A Heron topology is equivalent to a logical query plan in a database system. Such a logical plan is translated into a physical plan before actual execution.

Topology Master

Topology Master is similar to the Application Master in YARN. TM is not involved in the data processing path, it is not a bottleneck.

Stream Manager

The key function of the Stream Manager (SM) is to manage the routing of tuples efficiently. Each Heron Instance (HI) connects to its local SM to send and receive tuples. All the SMs in a topology connect between themselves to form a O(k^2) connection network, where k is the number of containers/SMs in the physical plan of the topology.

Stream Manager use backpressure mechanism instead of fail-fast mechanism. If the later/downstream stages are running slow, then the earlier/upstream stages will be slow down by the backpressure mechanism. The backpressure mechanism exist in many component, such as TCP, Spout and Stage scheduler.

Heron Instance

The HIs have two threads namely, a Gateway thread and a Task Execution thread. The Gateway thread is responsible for controlling all the communication and data movement in and out from the HI. The Task Execution thread runs user code.

How Heron Address the problems?

  1. The provisioning of resources is abstracted from the duties of the cluster manger.
  2. Each HI is executing only a single task.
  3. The design makes it transparent as to which component of the topology is failing or slowing down.
  4. Heron allows component-level resource allocation, thereby avoiding unnecessary over-provisioning.
  5. Having a Topology Manager per topology enables them to be managed independently.
  6. The backpressure mechanism gives a consistent rate of delivering results and a way to reason about the system.
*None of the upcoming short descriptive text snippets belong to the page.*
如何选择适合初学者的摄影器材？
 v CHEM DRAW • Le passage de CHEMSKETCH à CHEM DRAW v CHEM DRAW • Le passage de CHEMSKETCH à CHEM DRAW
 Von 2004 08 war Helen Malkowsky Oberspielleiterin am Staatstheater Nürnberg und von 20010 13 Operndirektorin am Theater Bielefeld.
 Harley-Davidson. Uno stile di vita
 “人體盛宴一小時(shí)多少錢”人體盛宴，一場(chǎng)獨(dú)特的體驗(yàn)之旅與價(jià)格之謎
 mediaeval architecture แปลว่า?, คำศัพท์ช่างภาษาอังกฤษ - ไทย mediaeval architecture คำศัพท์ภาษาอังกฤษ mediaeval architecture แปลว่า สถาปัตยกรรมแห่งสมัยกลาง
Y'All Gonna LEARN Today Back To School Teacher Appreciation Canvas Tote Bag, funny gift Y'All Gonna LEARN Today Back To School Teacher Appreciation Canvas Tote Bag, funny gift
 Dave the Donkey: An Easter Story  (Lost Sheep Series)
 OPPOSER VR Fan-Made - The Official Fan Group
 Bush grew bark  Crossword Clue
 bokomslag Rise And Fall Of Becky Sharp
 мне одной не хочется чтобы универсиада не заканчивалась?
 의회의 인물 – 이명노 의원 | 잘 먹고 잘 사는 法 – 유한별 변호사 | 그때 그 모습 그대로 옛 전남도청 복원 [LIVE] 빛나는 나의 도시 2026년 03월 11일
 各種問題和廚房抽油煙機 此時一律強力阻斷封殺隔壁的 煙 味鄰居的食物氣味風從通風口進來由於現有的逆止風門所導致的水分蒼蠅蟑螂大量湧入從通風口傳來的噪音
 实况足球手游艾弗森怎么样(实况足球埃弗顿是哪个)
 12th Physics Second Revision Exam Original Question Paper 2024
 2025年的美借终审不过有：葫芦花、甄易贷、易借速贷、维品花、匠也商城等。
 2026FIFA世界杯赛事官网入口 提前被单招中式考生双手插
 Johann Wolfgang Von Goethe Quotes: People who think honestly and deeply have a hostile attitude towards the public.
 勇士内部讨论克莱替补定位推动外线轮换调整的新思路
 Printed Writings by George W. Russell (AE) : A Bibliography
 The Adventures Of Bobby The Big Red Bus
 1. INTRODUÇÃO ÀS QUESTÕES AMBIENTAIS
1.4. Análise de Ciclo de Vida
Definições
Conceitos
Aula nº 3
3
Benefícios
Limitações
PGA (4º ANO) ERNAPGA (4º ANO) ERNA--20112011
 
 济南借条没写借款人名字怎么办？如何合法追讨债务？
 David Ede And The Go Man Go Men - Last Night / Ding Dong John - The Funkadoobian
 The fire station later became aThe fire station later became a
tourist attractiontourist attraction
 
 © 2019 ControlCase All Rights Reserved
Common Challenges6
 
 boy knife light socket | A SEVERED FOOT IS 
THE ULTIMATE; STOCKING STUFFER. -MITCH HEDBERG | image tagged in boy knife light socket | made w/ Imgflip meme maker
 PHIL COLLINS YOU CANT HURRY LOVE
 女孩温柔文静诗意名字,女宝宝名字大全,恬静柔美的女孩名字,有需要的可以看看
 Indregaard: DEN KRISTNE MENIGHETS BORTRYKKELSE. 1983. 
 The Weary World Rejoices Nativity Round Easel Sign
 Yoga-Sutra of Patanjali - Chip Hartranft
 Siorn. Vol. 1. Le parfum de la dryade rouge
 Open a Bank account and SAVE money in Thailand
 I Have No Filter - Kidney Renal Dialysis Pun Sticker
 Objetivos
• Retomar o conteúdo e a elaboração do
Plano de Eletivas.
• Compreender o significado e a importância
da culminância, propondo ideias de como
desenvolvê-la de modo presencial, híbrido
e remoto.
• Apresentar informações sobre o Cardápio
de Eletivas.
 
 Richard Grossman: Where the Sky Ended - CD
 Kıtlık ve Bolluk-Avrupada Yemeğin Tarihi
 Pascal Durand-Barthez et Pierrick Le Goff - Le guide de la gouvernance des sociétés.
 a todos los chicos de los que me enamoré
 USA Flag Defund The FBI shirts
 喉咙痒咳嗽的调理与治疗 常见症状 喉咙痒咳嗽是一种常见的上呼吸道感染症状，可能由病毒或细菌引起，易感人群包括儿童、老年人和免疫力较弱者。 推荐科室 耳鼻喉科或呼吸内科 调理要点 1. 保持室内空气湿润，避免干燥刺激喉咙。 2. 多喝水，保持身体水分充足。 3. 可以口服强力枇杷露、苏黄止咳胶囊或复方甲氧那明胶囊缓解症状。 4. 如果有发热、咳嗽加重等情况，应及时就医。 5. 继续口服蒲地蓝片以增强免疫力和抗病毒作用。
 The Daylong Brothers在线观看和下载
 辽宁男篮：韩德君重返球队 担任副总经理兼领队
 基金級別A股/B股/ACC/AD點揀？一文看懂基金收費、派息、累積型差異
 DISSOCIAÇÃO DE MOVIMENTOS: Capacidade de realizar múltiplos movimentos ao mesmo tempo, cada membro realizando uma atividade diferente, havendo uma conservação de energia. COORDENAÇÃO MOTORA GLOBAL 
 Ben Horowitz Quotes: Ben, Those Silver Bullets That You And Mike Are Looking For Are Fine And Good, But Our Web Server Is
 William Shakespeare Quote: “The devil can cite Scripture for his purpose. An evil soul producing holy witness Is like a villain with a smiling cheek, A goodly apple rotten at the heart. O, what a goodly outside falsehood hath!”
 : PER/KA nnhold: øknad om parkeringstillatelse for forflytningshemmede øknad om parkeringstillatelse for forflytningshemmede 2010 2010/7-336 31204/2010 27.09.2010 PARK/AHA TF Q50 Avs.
It is also a key mechanism that supports migration of topologies from one set of containers to another.
  7. No single point of failure.


So let’s rethink the problem of Storm. One of the author (Github) saids that the Storm has better resource usage for small scale stream processing, while the Heron is designed for large scale.

The major design difference of Storm and Heron is the level of resource isolation and the number of globally shared resources.

In Storm, topologies share the Nimbus, thus unable to track the resource usage of each topology. This design is better for the homogeneous tasks (which is the basic assumption of Storm). Nimbus can be the bottle neck of large scale processing.

In Heron, there is no single point of bottle neck. And because of the component-level resource allocation, we can track/debug each component and do more optimizing for performance, scability, stability. Backpressure mechanism is one of the optimizing example.